Prominent liberals, including the group “Battleground Texas,” have recently launched efforts to try to “turn Texas Blue.” But these kickoff events, which have coincided with elected officials in Texas trying to pass pro-life legislation, may have come at the most inopportune time.
As even Politico noted, there is “just one problem” with these efforts: “Latinos as a group oppose abortion more strongly than most other voting groups.”
Texas state Senator Wendy Davis galvanized liberals when she filibustered a popular bill that would have banned abortions after 20 weeks and made abortion clinics safer. But those issues are not appealing to Hispanic voters, whom Democrats in Texas have to win over to turn the state blue.
According to Politico, “in their candid moments, Democrats acknowledge that abortion isn’t the issue they would have picked to lead the pitch for Latino votes.”
“Is this the issue we would have picked to turn Texas blue? No,” Terri Burke, executive director of the American Civil Liberties Union of Texas, told the publication. “It was kind of thrust at us. We didn’t pick it.”
Outgoing Republican Texas Gov. Rick Perry has called another special session of the legislature to get the pro-life bill passed, ensuring the issue will be in the political spotlight for the next month, when Battleground Texas will host its first Washington, D.C. fundraiser. Prominent Democrats in Texas–like San Antonio Mayor Julian Castro and his twin brother, Rep. Joaquin Castro (D-TX)–have headlined events for the group.

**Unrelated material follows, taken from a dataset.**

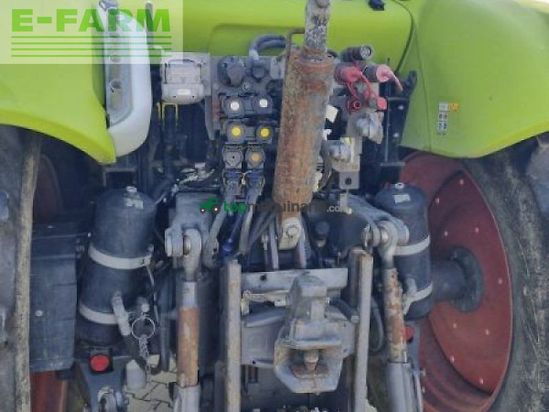 Tractor agrícola - Claas - arion 440 cis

Politico also noted that a Pew Forum on Religion and Public Life “found that 53 percent of Hispanic Catholics say abortion should be illegal in all or most cases,” which is a “lower percentage than white evangelical Protestants and Mormons,” but higher than “all other religious voting groups, including white Catholics, white mainline Protestants, black Protestants, and Jews.”
Furthermore, a poll conducted by the Texas state GOP found that “62 percent of Texas Hispanics who voted in the 2012 election described themselves as pro-life while just 32 percent called themselves pro-choice.”